I always run into similar issues with pants in the fall with my son, now 9-years-old. He always seems to grow, like, a foot during the summer (an exaggeration, I know, but it's always when they seem to shoot up) and the pants that fit him fine in the spring are now four inches too short. So out I go and blithely buy him pants that are sized to match his age. And every time I discover they are either enormous around the middle and/or a foot too long.

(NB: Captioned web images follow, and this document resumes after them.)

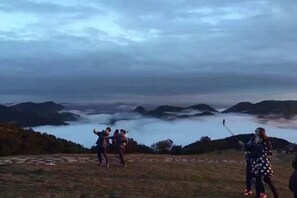 Miscellaneous - Yongtai Tengyun Farm (Yongtai)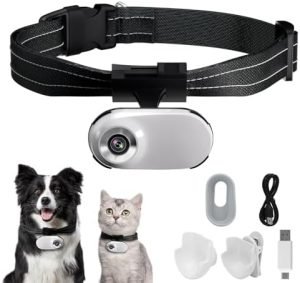 Hidden Cameras for Dog Collars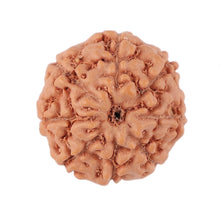 Load image into Gallery viewer, 8 Mukhi Rudraksha from Indonesia - Bead No. 139
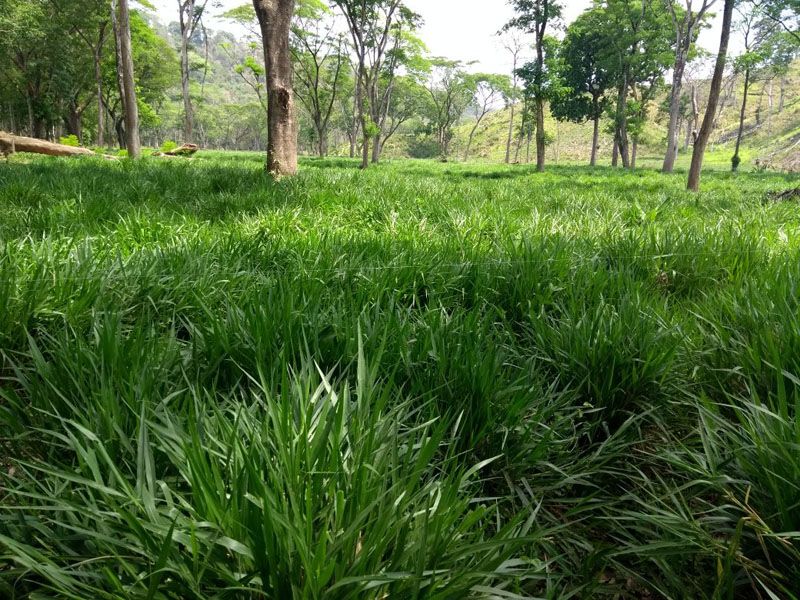 pradera de pasto hibrido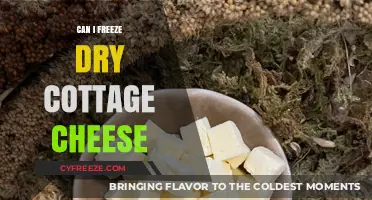 The Ultimate Guide to Freeze-Drying Cottage Cheese: Tips and Tricks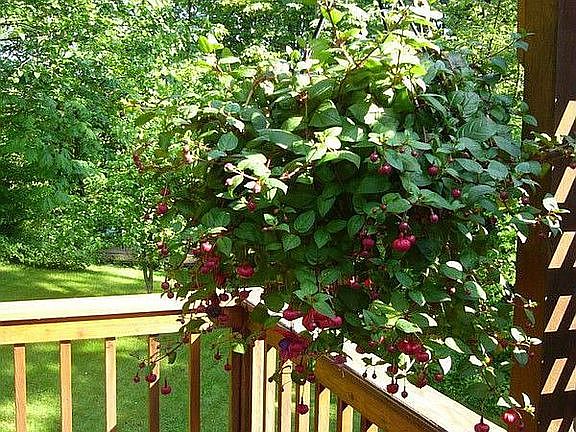 View from Deck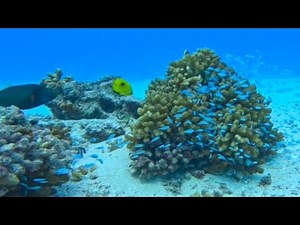 Witness the Incredible Coral Reef Ecosystem Come Alive with Colorful Marine Life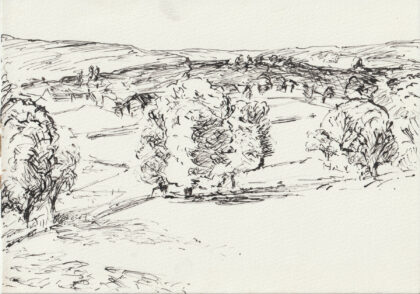 Paysage 13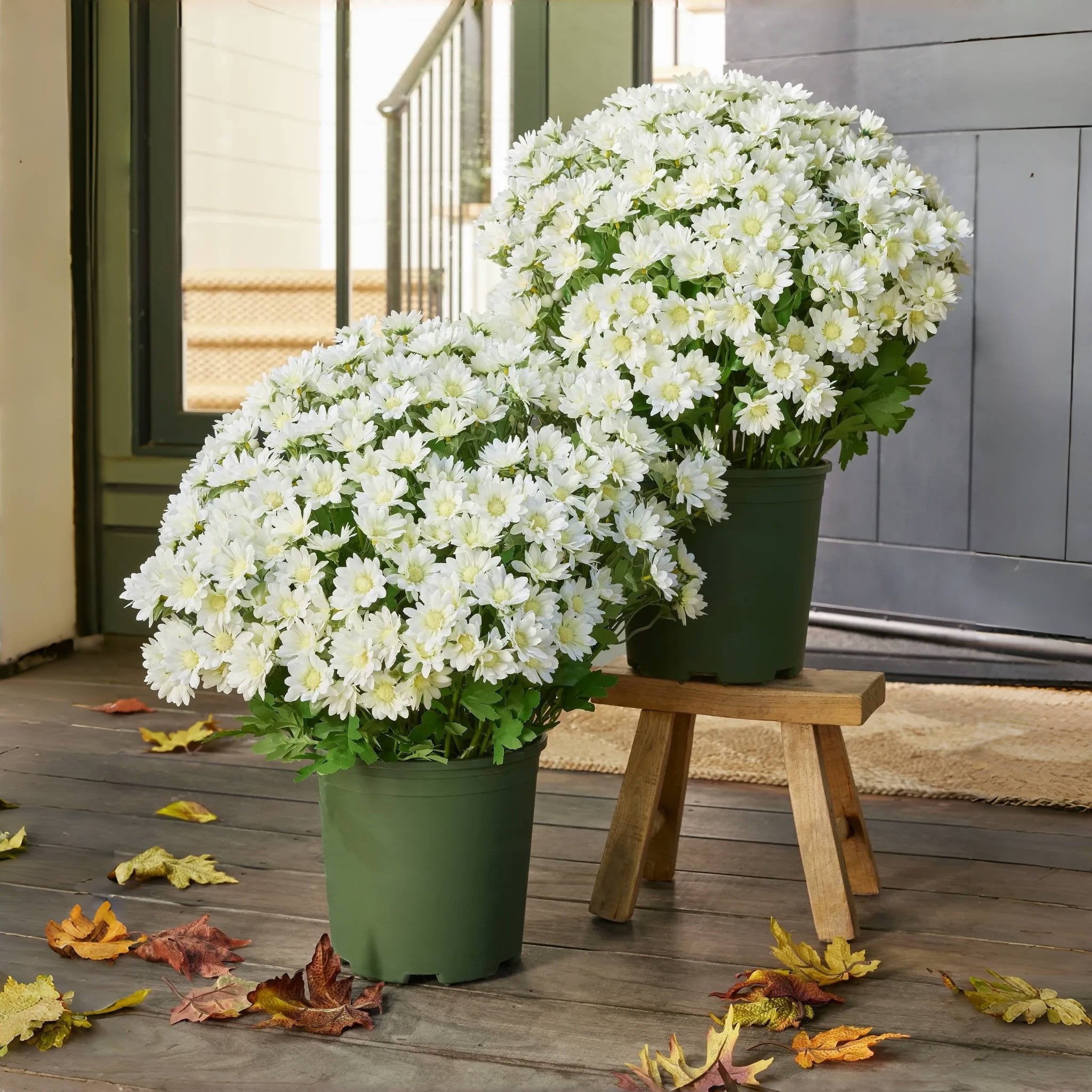 🏆Flash Sale⚡Artificial Outdoor Sunset Mums Flowers - UV resistant. Waterproof. Windproof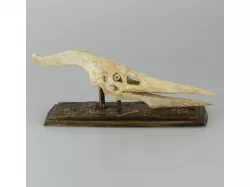 Flying Dinosaur Skull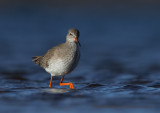 Redshank - Tringa totanus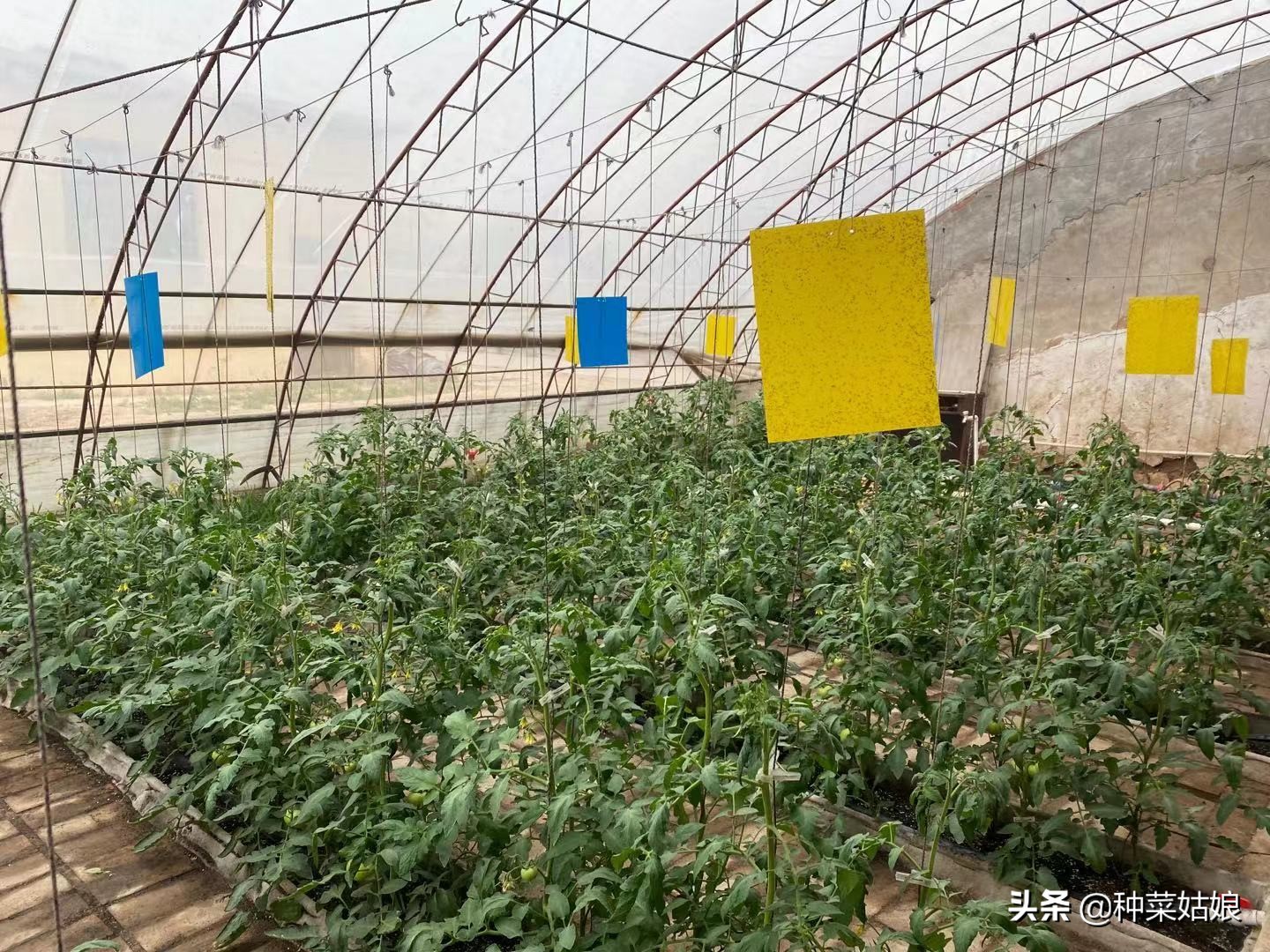 种菜总是长虫怎么处理,种菜里有小蚜虫怎么办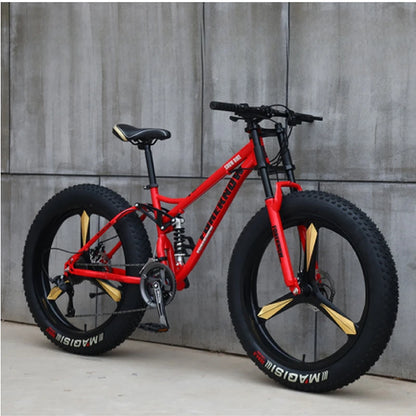 Variable Speed Off-Road  Beach Bike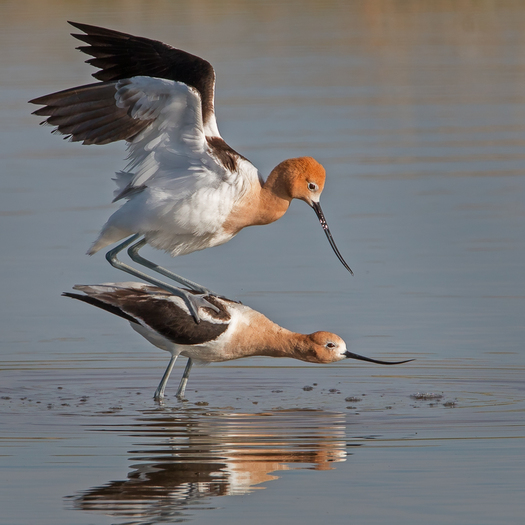 Mating avocets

Now, before you say it, I know that kids come in all shapes and sizes. I happen to think my two are perfectly average. They don't appear drastically taller/shorter/thinner/fatter that their peers. (I couldn't tell you their percentiles because their pediatrician never tells us -- he's a firm believer in not labeling kids and I love him for it.) I also know that kids have random growth spurts. One day you can't get more than a slice of cucumber in them. The next, they're chowing down on an 8-oz steak and a gallon of milk.

So, dear retailers, here's a plea from me and, I suspect, parents everywhere: please don't label clothes aspirationally. I mean we all know that kids are going to grow -- it's their job. But I'd very much like to walk into a kids clothing store and purchase clothes with the confidence that, if it says 7, it'll fit an average 7-year-old. At least until the next growth spurt. On the flip side, when you label things 8-10 (I'm looking at you Target), that's way, way, way, too large a bet too hedge.

Because here's the thing: kids are usually proud of their age. My 7-year-old does not want to have to wear clothes for 5- or 6-year-olds because the stuff labeled 7 won't fit her until she's 8 or 9. My 9-year-old doesn't want to continue to wear pants labeled 7 because they are the only ones the fit his waist: but the ones labeled 8-10 could fit a giant, by comparison.

By the way, we kept my daughter's new shorts even though they could drop down to her knees with one jiggle too many. Fortunately, we have safety pins that will have to keep them up until her 7-year-old body decides to expand sufficiently to fit these shorts labeled 6-7. Maybe by this time next year, they will fit.